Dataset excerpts

===

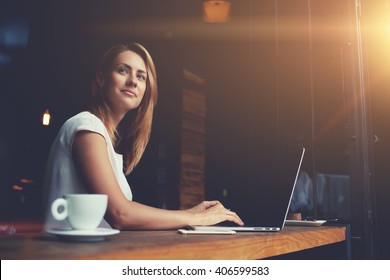 Beautiful Caucasian woman dreaming about something while sitting with portable net-book in modern cafe bar, young charming female freelancer thinking about new ideas during work on laptop computer  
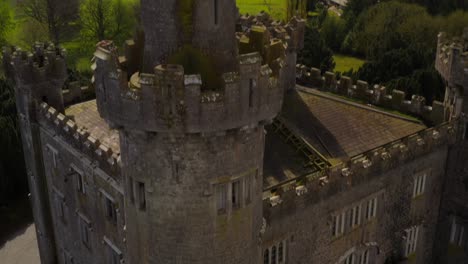 Aerial-tilt-of-Charleville-Castle-featuring-its-details,-ending-on-its-tower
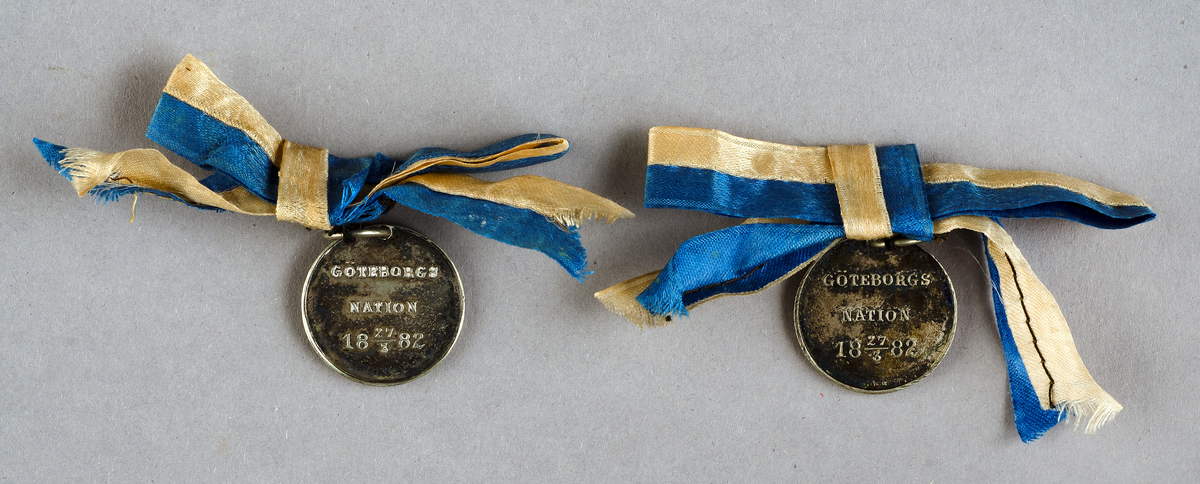 Två "medaljonger", av vitmetall, runda med Göteborgs Nations vapen på ena sidan och text "GÖTEBORGS NATION 27/3 1882" på andra sidan, med blågul sidenrosett. 



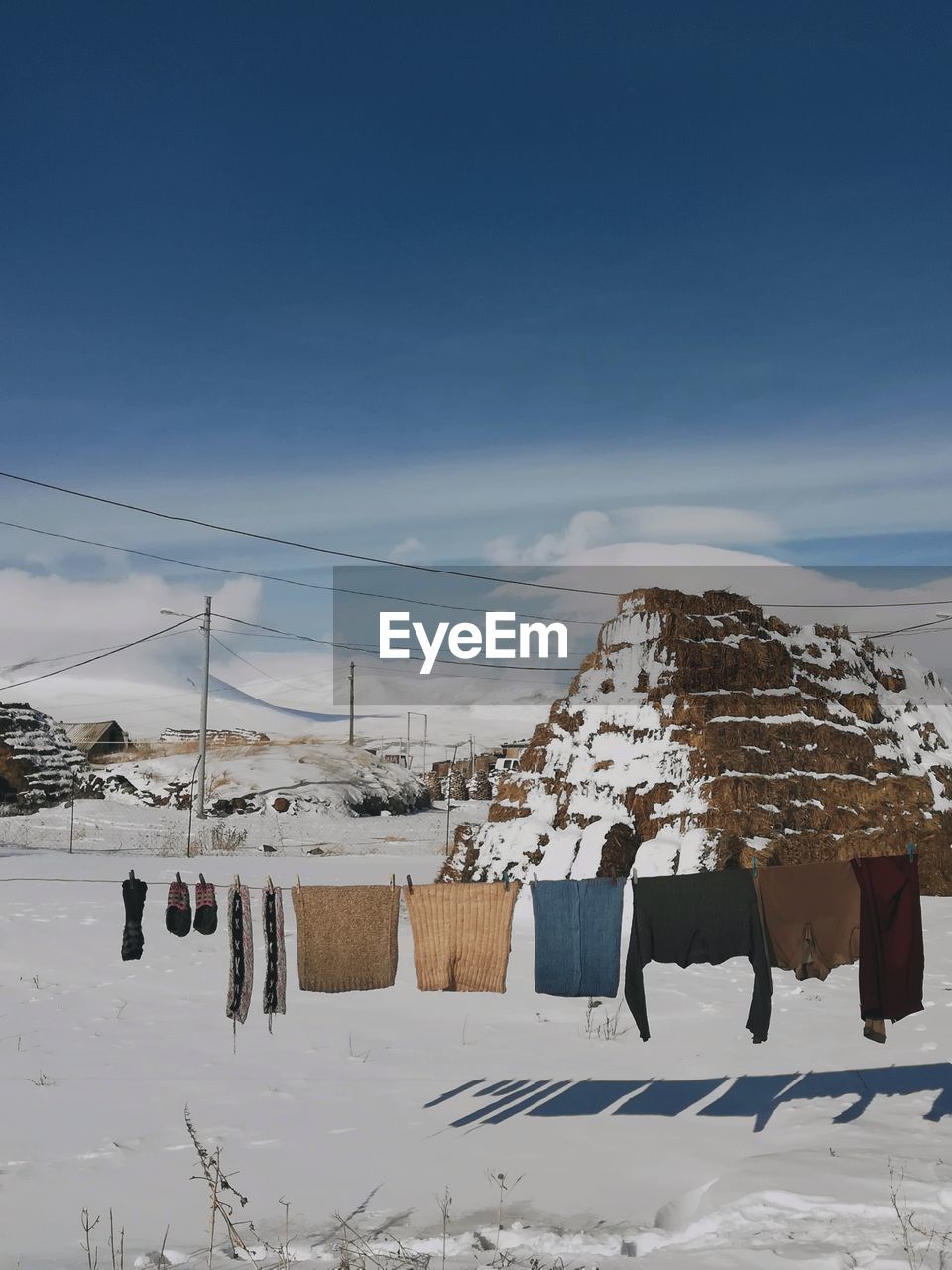 Clothes drying on snow covered field against sky
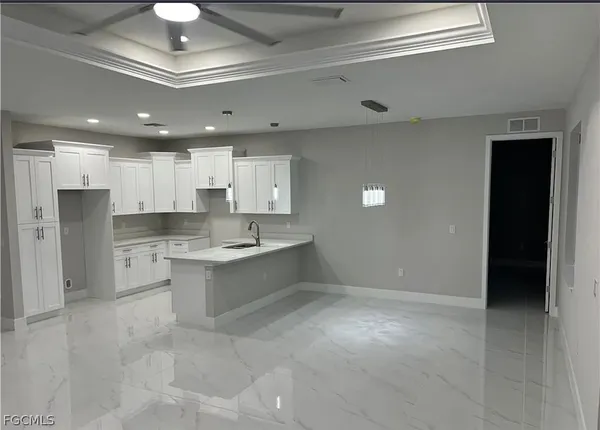 a large kitchen with kitchen island a sink stainless steel appliances and cabinets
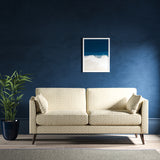 Sofa upholstered in a neutral herringbone upholstery fabric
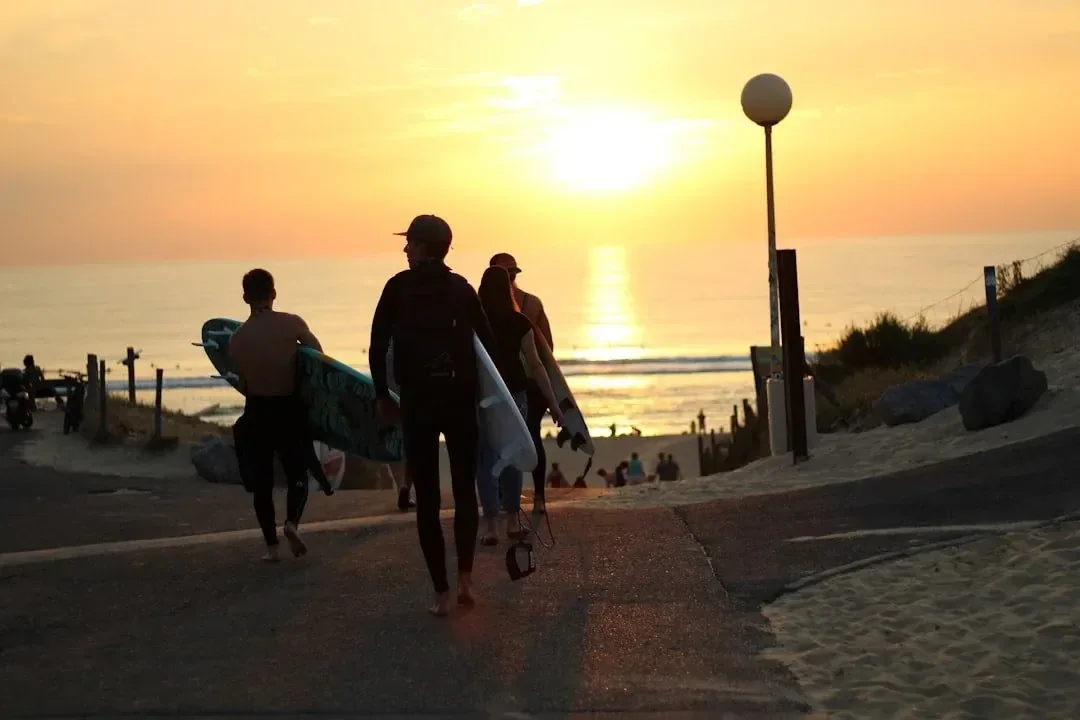 Surfers walking to Le Penon beach at sunset in Seignosse, France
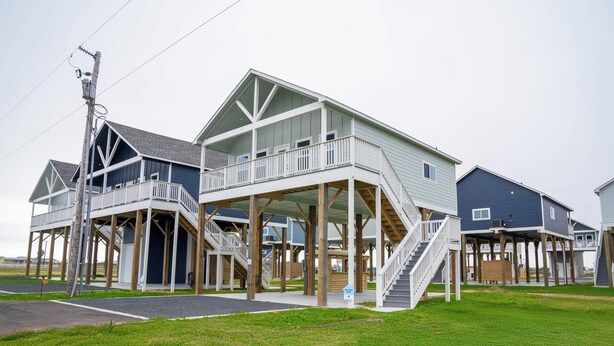 A coastal residential area with multiple two-story houses featuring balconies, wooden decks, and a grassy front yard. - Charming 2-bedroom house in Wonderful Bolivar Peninsula with AC, WiFi (Bolivar Peninsula)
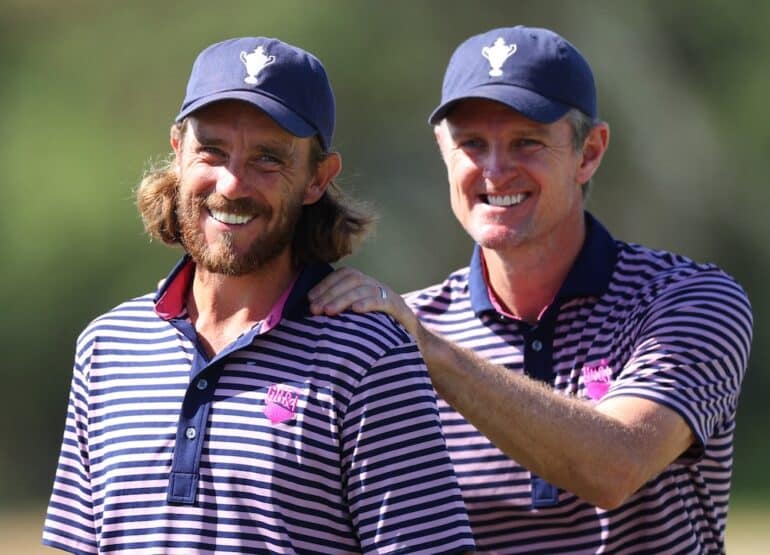 Tommy Fleetwood and Justin Rose Photo by Andrew Redington/Getty Images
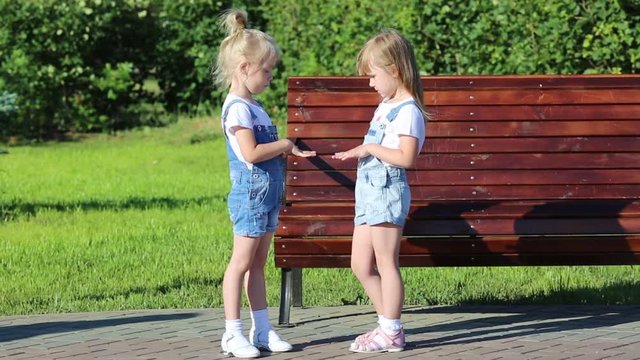 Two little girls meet in the street. Meeting two girls 5 years of age in the park.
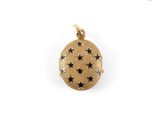 a close up of a gold locke with stars on it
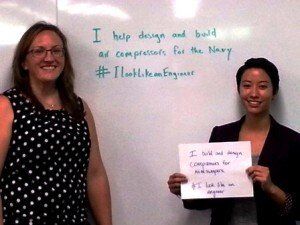 Two women standing in front of a white board that says i help design and build ad compressors for the navy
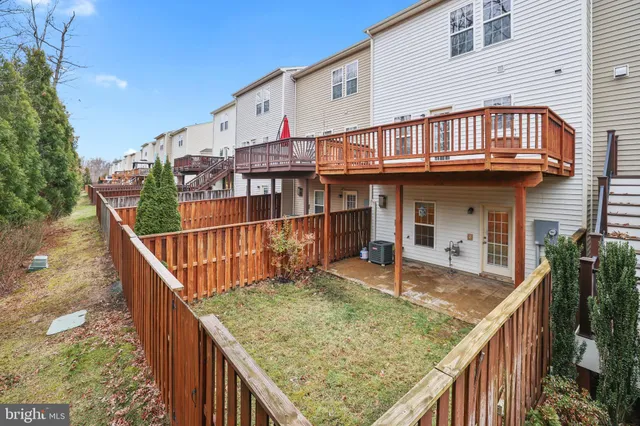 a balcony with tall trees in front of it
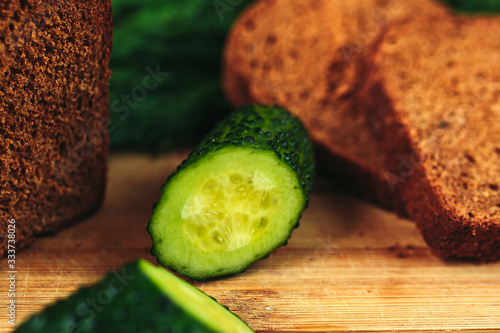 Sliced dark bread on wooden cutting board with sliced cucumbers. Healthy nutrition, healthy food on the table, greens, cucumbers and dark bread.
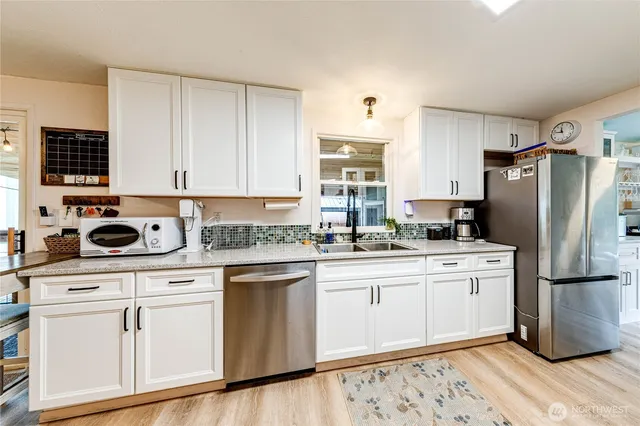 a kitchen with white cabinets sink and white appliances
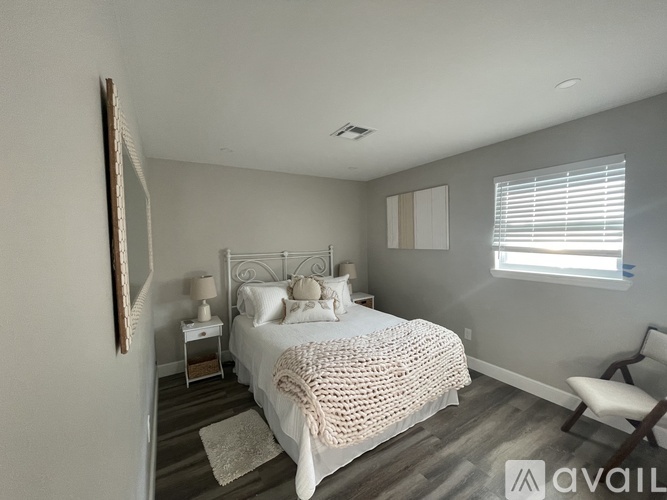 A bedroom with a large bed and a chair.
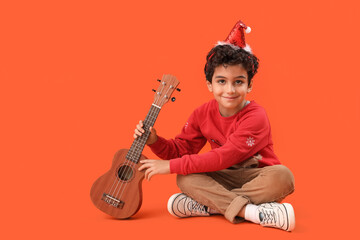 Canvas Print - Cute little boy in Santa hat playing guitar on orange background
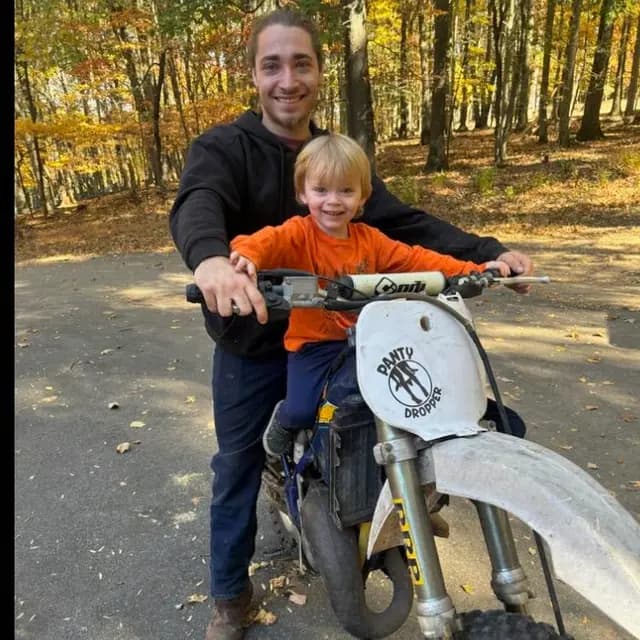 Kevin Hoffman with his son enjoying family time outdoors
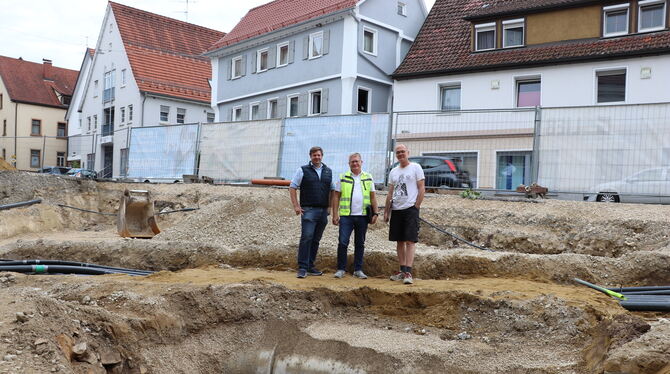 Bürgermeister Andreas Schmidt (von links), Ingenieur Gerhard Lutz und Archäologe Sören Frommer vor der Baugrube auf dem kleinen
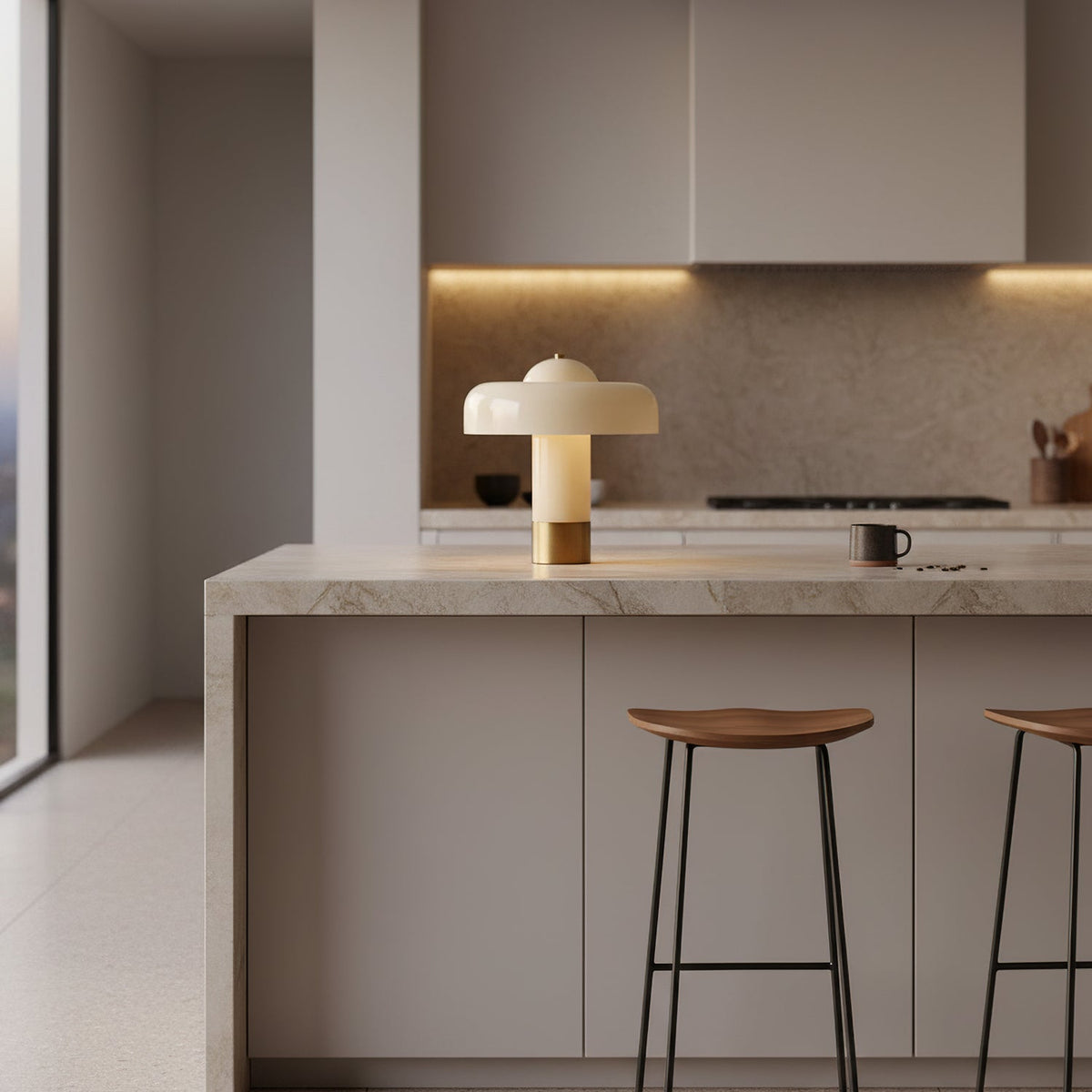 A small Clérachic cream lamp with a brass base on a marble kitchen island, with wooden bar stools below.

===

_Task item_
What to print is the stretch of entries from the line with "a large kitchen" up to and including the line with "Surfers walking to". Please print it exactly and leave out the pictures.

_Answer for this exercise_
 a large kitchen with kitchen island a sink stainless steel appliances and cabinets
 Sofa upholstered in a neutral herringbone upholstery fabric
 Surfers walking to Le Penon beach at sunset in Seignosse, France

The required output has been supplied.